T is the number of leaf nodes, wⱼ is the output value of leaf j. γ penalizes the number of leaves (controls tree depth), λ applies L2 regularization to leaf weights.

Per-Round Approximate Objective

At round t, adding tree fₜ. Apply second-order Taylor expansion around the current prediction ŷ(t-1):

Obj⁽ᵗ⁾ ≈ Σᵢ [ gᵢ fₜ(xᵢ) + ½ hᵢ fₜ²(xᵢ) ] + Ω(fₜ)

Where gᵢ = ∂L/∂ŷ(t-1) (first-order gradient), hᵢ = ∂²L/∂(ŷ(t-1))² (second-order gradient). For MSE loss: gᵢ = ŷ − y (residual), hᵢ = 1.

Optimal Leaf Weights

Group samples in each leaf node j, differentiate with respect to wⱼ and set to zero to get the optimal weight:

wⱼ* = − Gⱼ / (Hⱼ + λ)

Gⱼ = Σᵢ∈j gᵢ, Hⱼ = Σᵢ∈j hᵢ. Substituting back gives the score for this tree structure:

Obj* = −½ Σⱼ Gⱼ² / (Hⱼ + λ) + γT

Split Gain

To evaluate whether a split is worthwhile, compute the reduction in the objective:

Gain = ½ [ G_L²/(H_L+λ) + G_R²/(H_R+λ) − (G_L+G_R)²/(H_L+H_R+λ) ] − γ

Only split when Gain > 0. Larger γ makes splits harder to trigger, keeping trees shorter. This is the essence of XGBoost's built-in regularization.

Four Engineering Optimizations in XGBoost

Column Subsampling

Randomly select a subset of features per tree or per split. Reduces overfitting and speeds up training — same idea as feature sampling in Random Forests.

Histogram Approximation

Instead of evaluating all split points, bucket feature values into histograms and only search bucket boundaries. Dramatically faster than the naive approach.

Sparsity-aware Split

Handles missing values and sparse one-hot features with a dedicated strategy. Automatically learns whether missing values should go left or right.

Cache-aware Access

Optimizes memory access patterns by storing gradient data column-wise to maximize CPU cache hit rates — several times faster than a naive implementation.

Key Hyperparameters

n_estimators / num_round

Number of trees. More = higher accuracy, but too many causes overfitting. Use with early_stopping_rounds on a validation set.

learning_rate (η)

Scaling factor per tree. Smaller values need more trees. Typically 0.05–0.3: trade training time for better generalization.

max_depth

Maximum tree depth, controls model complexity. Typical values: 3–8. Too deep overfits; too shallow underfits.

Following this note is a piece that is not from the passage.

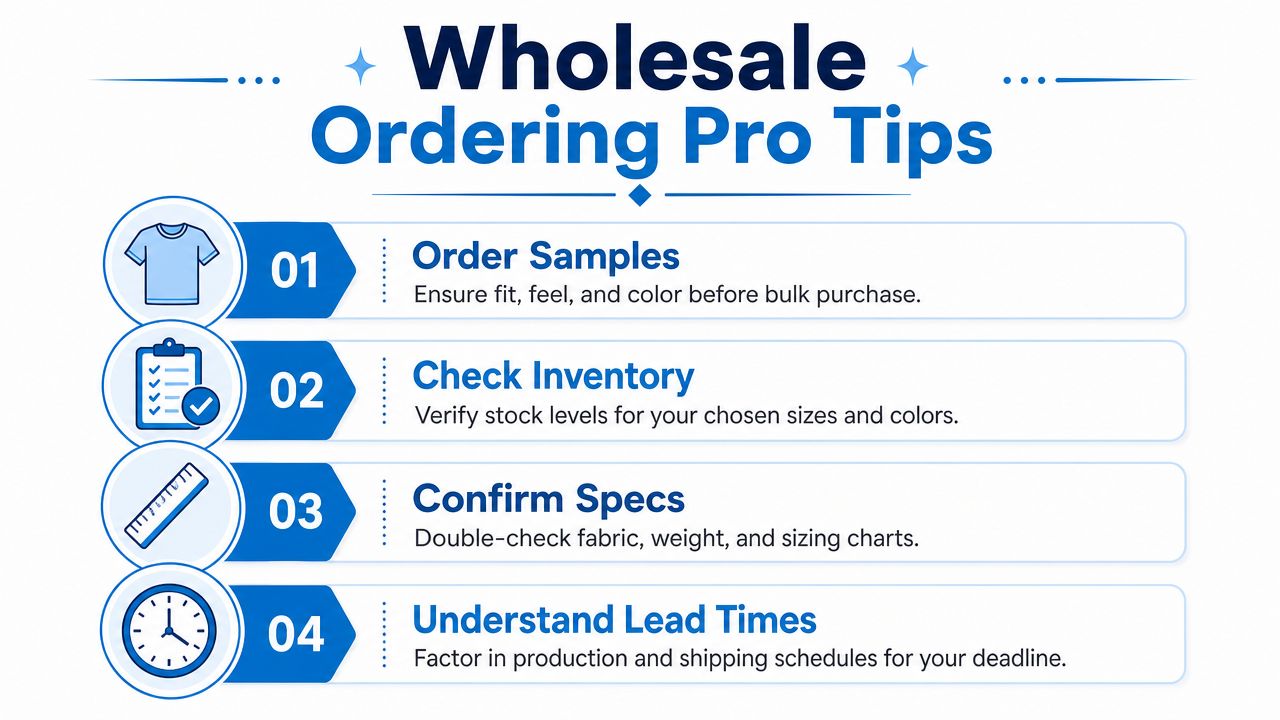 An infographic titled Wholesale Ordering Pro Tips listing four essential steps for business inventory procurement.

subsample / colsample_bytree

Row and column sampling ratios (0–1). Adds randomness to prevent overfitting. Typically 0.7–0.9.

XGBoost vs LightGBM vs CatBoost

XGBoost (2016)

The pioneering gradient boosting implementation. Introduced regularization and second-order gradients. Won countless Kaggle competitions and remains the go-to baseline.

LightGBM (2017, Microsoft)

Histogram acceleration + leaf-wise tree growth. 5–10× faster than XGBoost, lower memory usage. First choice for large datasets.

CatBoost (2017, Yandex)

Native support for categorical features. Ordered Boosting reduces prediction shift. Most friendly for missing values and categorical variables.